Return the lines of the data below, from the one containing "most-expensive-dog-tibetan-mastiff 3" through the very last, exactly and with both ends included; no pictures.

Crawled caption data:
=-=-=

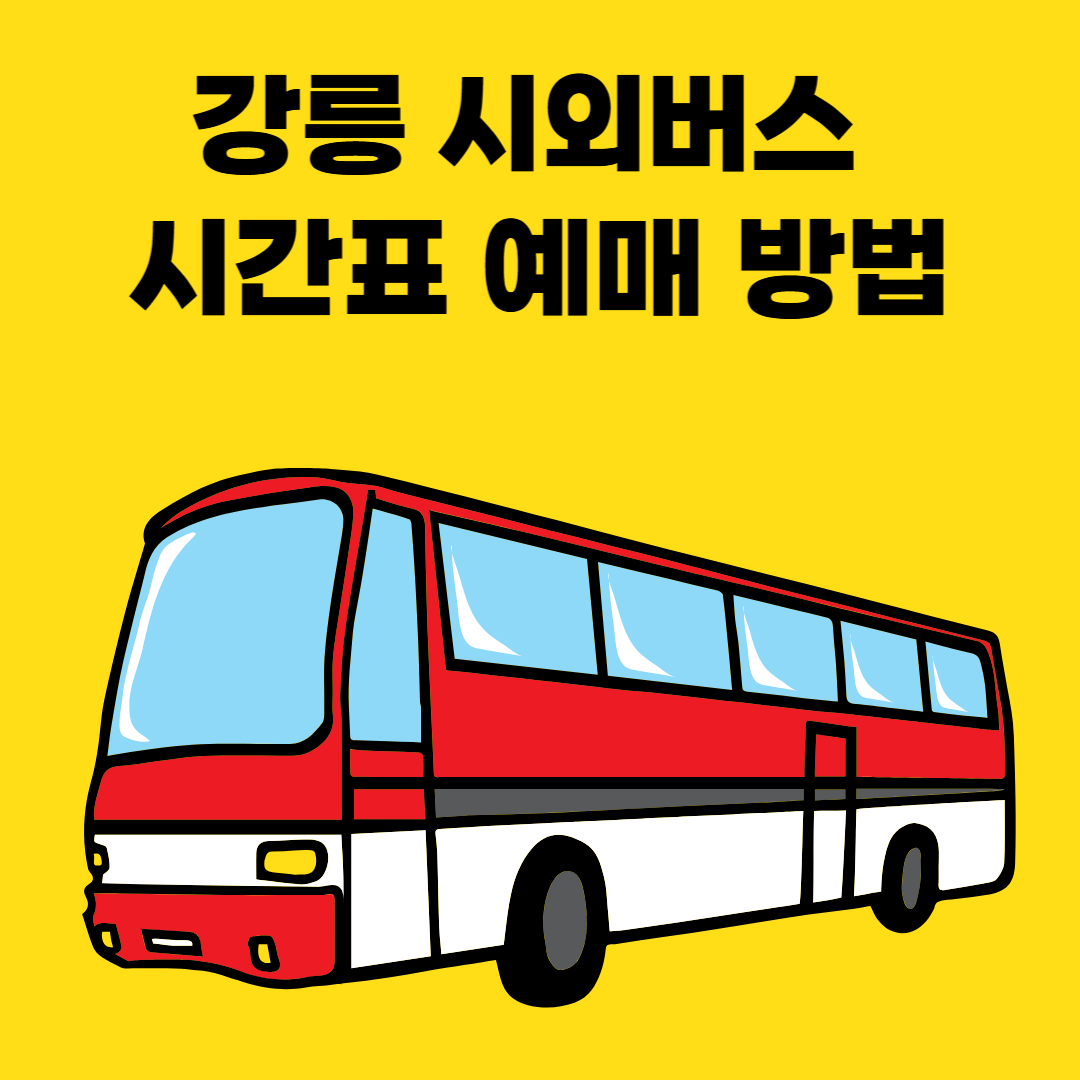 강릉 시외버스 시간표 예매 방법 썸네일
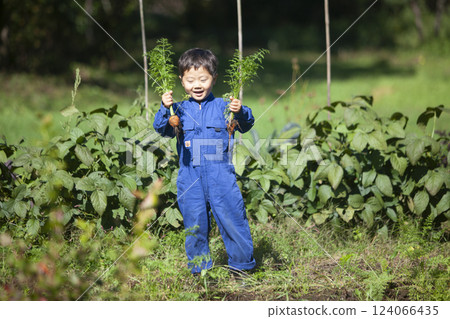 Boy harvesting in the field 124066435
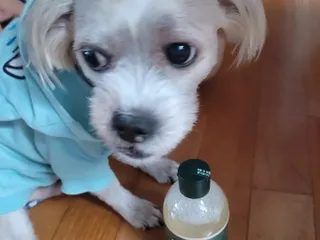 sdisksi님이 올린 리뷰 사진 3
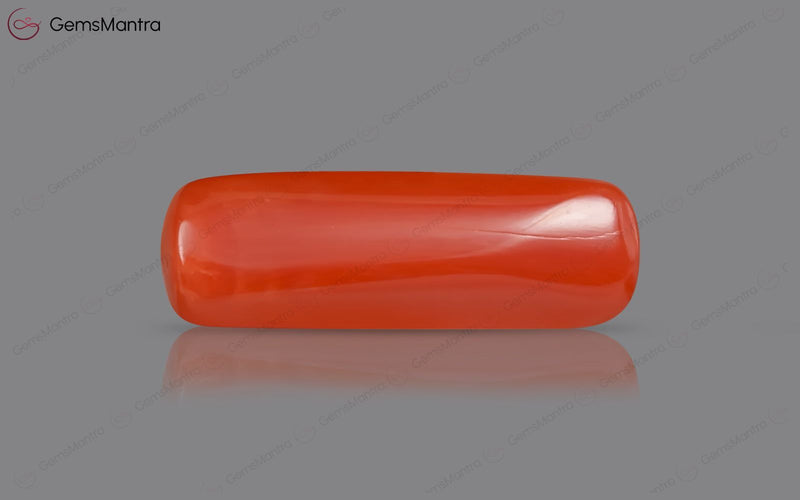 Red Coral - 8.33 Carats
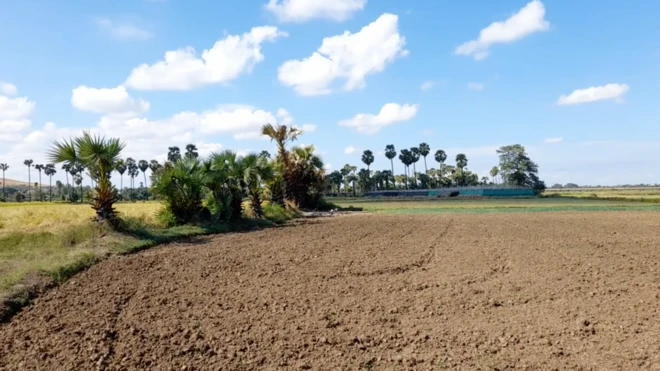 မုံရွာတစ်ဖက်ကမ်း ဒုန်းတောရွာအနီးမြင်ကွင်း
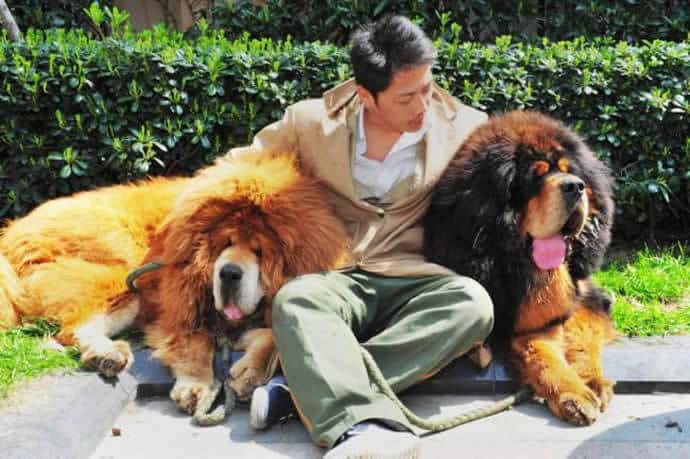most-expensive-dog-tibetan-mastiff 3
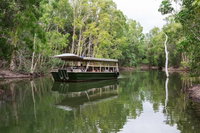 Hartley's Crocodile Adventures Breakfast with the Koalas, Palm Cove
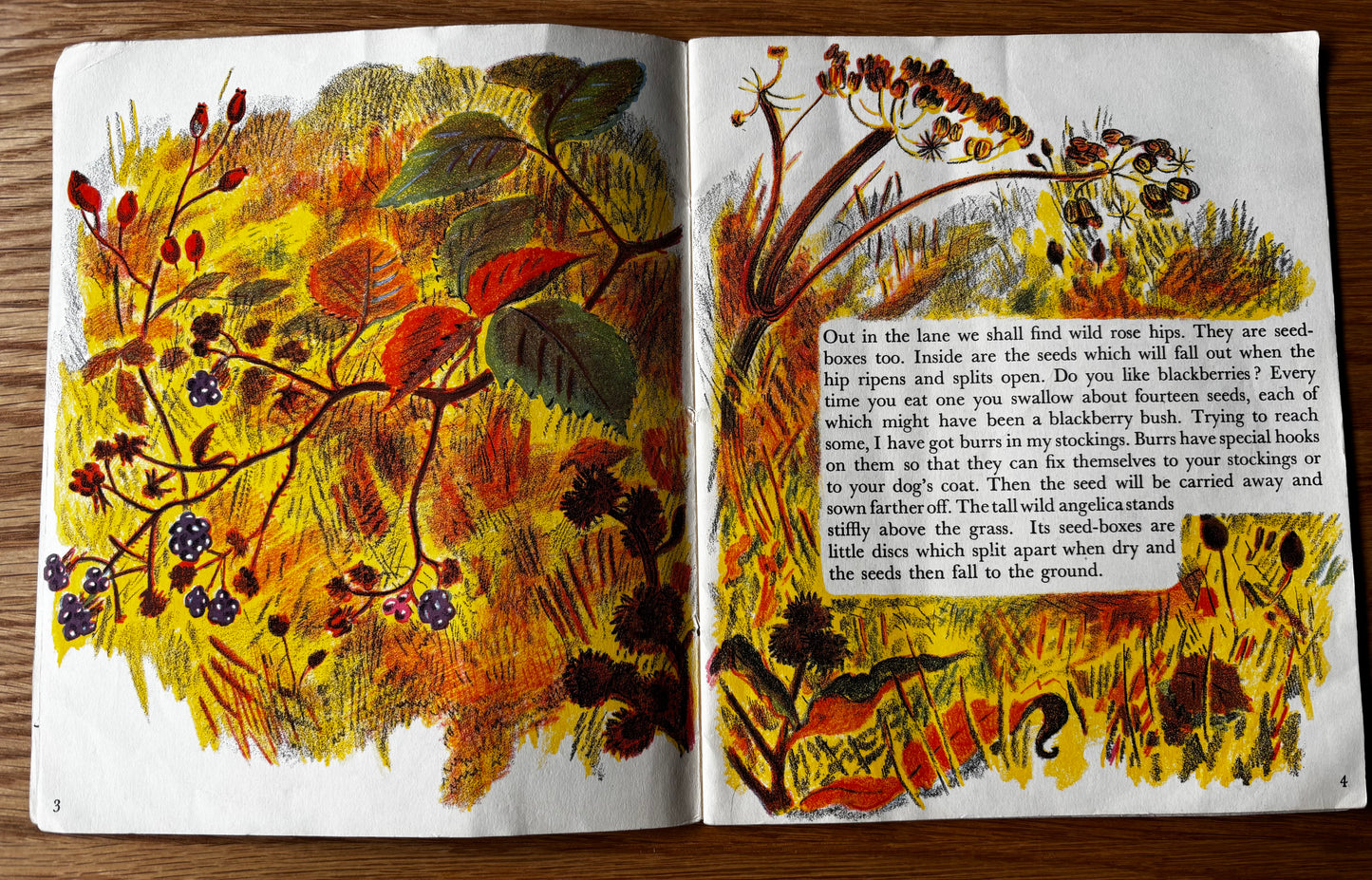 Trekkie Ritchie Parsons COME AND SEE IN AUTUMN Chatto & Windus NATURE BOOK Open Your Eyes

=-=-=

**WRITTEN SOLUTION:**
most-expensive-dog-tibetan-mastiff 3
 Hartley's Crocodile Adventures Breakfast with the Koalas, Palm Cove
 Trekkie Ritchie Parsons COME AND SEE IN AUTUMN Chatto & Windus NATURE BOOK Open Your Eyes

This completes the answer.